A Copper Beech Tree Planted by Theodore Roosevelt Is Being Cut Down

But it will not disappear from Sagamore Hill, the president’s beloved family estate

tree removal
The Cooper beech tree during its removal at Sagamore Hill. Tweed Roosevelt - Theodore Roosevelt Association

Theodore Roosevelt was fascinated by the natural world. While in the Oval Office, he made it his mission to protect the country’s wildlife and natural landscapes, establishing 150 national forests, 51 federal bird reserves, four national game preserves and five national parks. To this day, he is known as the “conservationist president.” And when it came time to choose a family home, Roosevelt settled on a patch of farmland in Cove Neck, Long Island, where he taught his children to boat, ride horses, hunt animals and care for them.

In the 1890s, several years before he became president, Roosevelt planted a copper beech tree at the entrance to Sagamore Hill, as the family estate is known.
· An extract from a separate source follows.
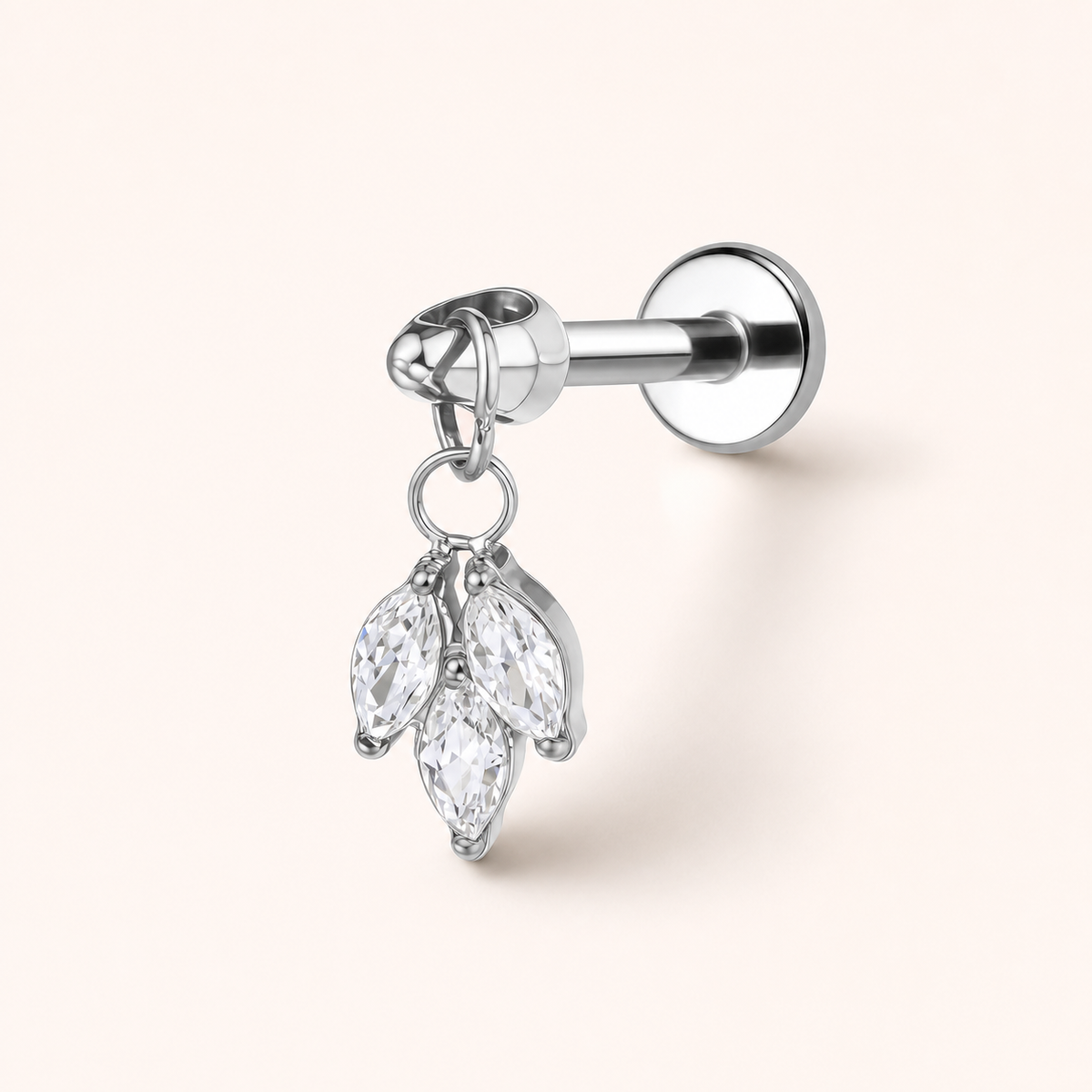 Clear CZ ASTM F136 Titanium Flat Back - Silver, Internally Threaded, 16G, 1.2 x 6 mm — primary product image (P-FB-0140-S01)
The tree grew tall and stood watch over the house long after the 26th president died there in 1919. But now the beech, once a flourishing testament to its original owner's love for the outdoors, has grown old and sick. And as Ted Phillips reports for Newsday, it is being cut down.

Afflicted by fungus, the tree had been posing a danger to both the home and its visitors, necessitating its removal. First, the limbs were sawed off. The trunk is scheduled to be cut down today.

“If you look at pictures of[Roosevelt many of them have him … in front of the house and there’s the tree, smaller of course,” Tweed Roosevelt, the president’s great-grandson and chief executive of the Theodore Roosevelt Association, tells Phillips. “It’s very sad. It was kind of almost like the ghost of the house or the guardian angel of the house.”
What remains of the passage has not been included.